Jean-Louis Borloo, président du Parti radical (PR) et du groupe centriste à l'Assemblée, a assuré jeudi sur France 2 que l'Europe ne pouvait se résumer à un déjeuner auquel participent tous les pays, l'addition revenant à l'Allemagne.
Jean-Louis Borloo, président du Parti radical (PR) et du groupe centriste à l'Assemblée, a assuré jeudi sur France 2 que l'Europe ne pouvait se résumer à un déjeuner auquel participent tous les pays, l'addition revenant à l'Allemagne. — Pierre Verdy afp.com

Jean-Louis Borloo, président du Parti radical (PR) et du groupe centriste à l'Assemblée, a assuré ce jeudi sur France 2 que l'Europe ne pouvait se résumer à un déjeuner auquel participent tous les pays, l'addition revenant à l'Allemagne.

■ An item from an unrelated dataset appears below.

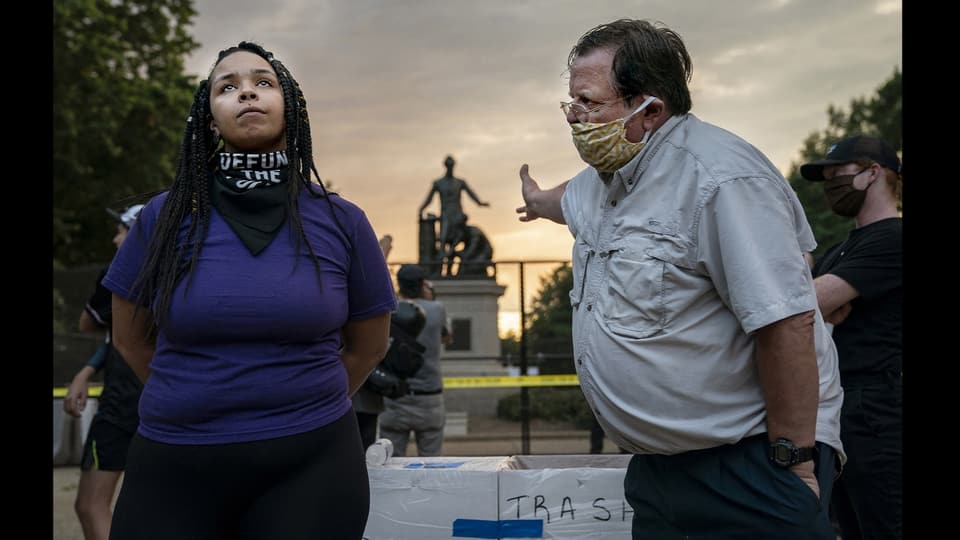 Ein Mann mit Bauch redet auf eine junge schwarze Frau ein.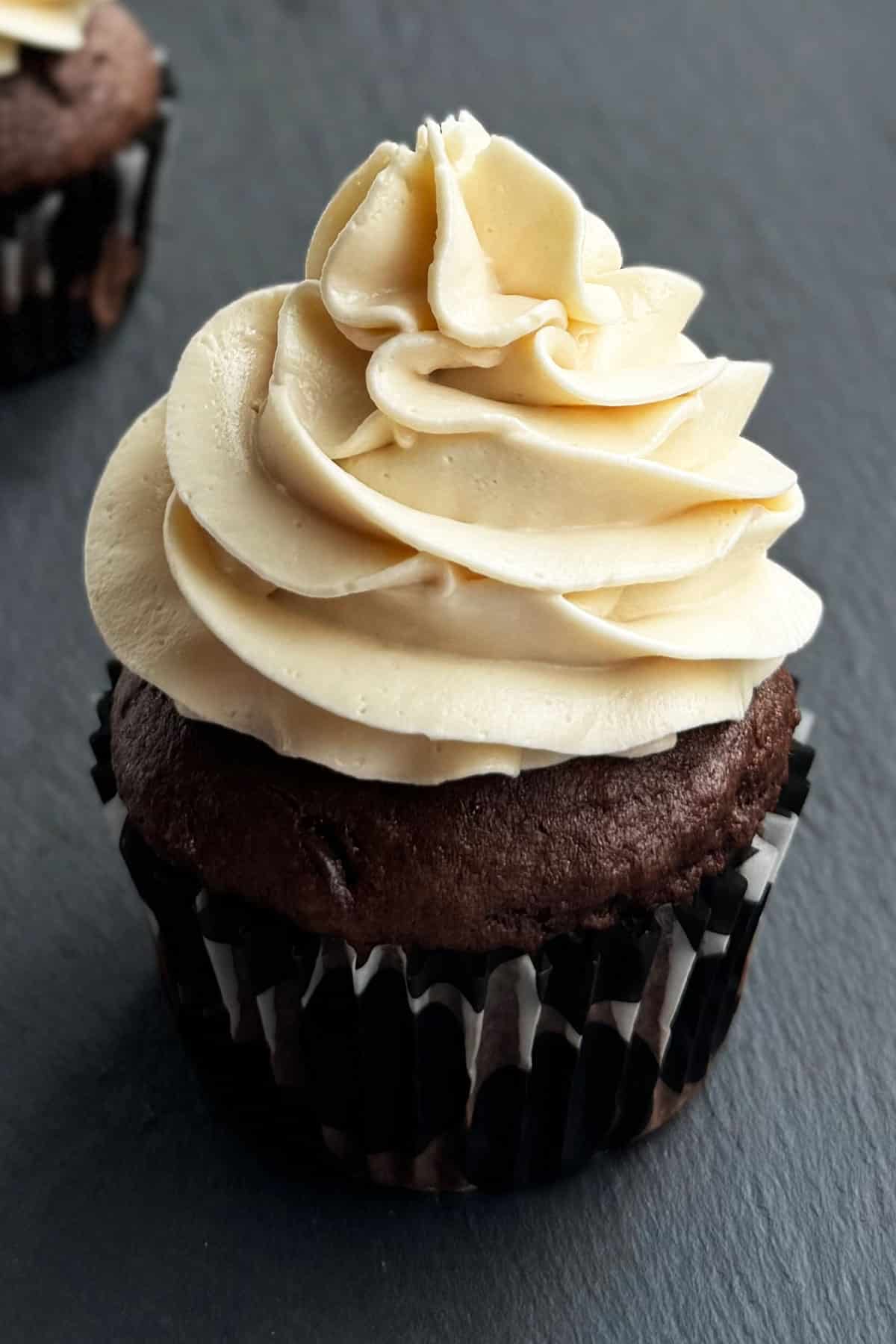 Whipped Frosting Without Powdered Sugar Piped on Top of Chocolate Cupcake.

«L'Europe, ce ne peut pas être : on vient tous déjeuner et les Allemands payent à la fin», «cette idée-là, qu'il y ait une mutualisation sans respect de règles des dettes de chacun est une idée qui ne prospèrera pas», a assuré l'élu de Valenciennes à quelques heures du sommet de l'UE à Bruxelles.

«Il faut que le pacte de stabilité, d'abord, soit ratifié, on ne renégocie pas à 27», a averti l'ancien ministre. «En revanche il faut, comme c'était prévu, qu'il y ait des euro-obligations, la capacité de mobiliser par emprunt 120 milliards pour les grands projets européens». «C'est prévu depuis six mois», «il faut maintenant le mettre en place», a-t-il dit.